Her şeye rağmen İsrail Arap ayaklanmalarının ruhundan muaf değil. Wisconsin’deki işçiler, Atina’da ayaklanan kamu çalışanları, Madrid’te Tahrir Meydanı yaratan gençler bu rüzgardan etkilenerek farklı taleplerle ortaya çıkarken Arap ayaklanmaları ruhunun payı büyük. İsrail’deki gösterilerin gerekçesi ise giderek kötüleşen ekonomik koşullar, konut ve kira fiyatları. Arap dünyasında olduğu gibi, İsrail halkı daha iyi bir gelecek, daha iyi yaşam şartları için sokaklara döküldü. Sokaklara yansıyan öfke Arap ayaklanmaları ile benzerlikler de taşıyor. Siyasi yelpazenin her kesiminden insanlar, Yahudiler, Araplar, gençler yaşlılar bir araya geliyor. İsrail tarihinde yaşanan bir ilk bu. İnternet üzerinden örgütlenen binlerce kişi hükümeti zorluyor.

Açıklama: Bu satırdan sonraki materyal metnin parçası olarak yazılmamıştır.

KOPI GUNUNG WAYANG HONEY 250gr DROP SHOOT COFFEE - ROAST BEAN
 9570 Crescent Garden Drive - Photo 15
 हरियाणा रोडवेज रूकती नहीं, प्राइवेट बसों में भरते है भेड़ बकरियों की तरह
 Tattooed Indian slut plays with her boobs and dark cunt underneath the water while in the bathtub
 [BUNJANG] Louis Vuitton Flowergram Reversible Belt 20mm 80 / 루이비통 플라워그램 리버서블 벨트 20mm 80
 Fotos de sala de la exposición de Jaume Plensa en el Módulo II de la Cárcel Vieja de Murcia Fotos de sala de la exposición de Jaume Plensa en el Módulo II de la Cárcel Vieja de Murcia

Talepler arasında, yıllardır bir “tehdit” algısı olarak kitlelere yansıtılan “düşman denizi içinde ada” benzetmesiyle sonu gelmez savunma harcamalarının kısıtlanması için askerlik süresinin kısaltılması da var. Netanyahu-Lieberman hükümetinin söylendiği gibi dış politikadaki başarısızlığından değil içerideki tepkiler nedeniyle çatırdaması daha muhtemel. Üstelik İsrail gibi gelişmiş bir ekonomide böylesi bir protesto zincirinin başlamış olması da yeni bir durum.

Araplar kendi koşullarını değiştirmek için sokaklara döküldü, baskıcı yönetimlerine karşı ayaklandı. Bu ülkelerinin geleceği henüz belli olmasa da belli olan, kendi ülkelerindeki siyasi statükoyu reddederek değişikliğe yönelmeleri. İsrail’de bu değişiklik, başlangıçta olmasa da ileride kaçınılmaz olarak dış politikası ve Filistin’deki uygulamaları üzerinde bir etkisi olacak gibi görünüyor. Ancak, İsrail’de kamuoyunun hedefindeki hükümetin özellikle Türkiye ile ilişkiler, Mavi Marmara saldırısı karşısındaki aymazlığı sadece koalisyon hükümetinin devamını sağlamaya yönelik olmaktan daha fazla anlam taşıyor.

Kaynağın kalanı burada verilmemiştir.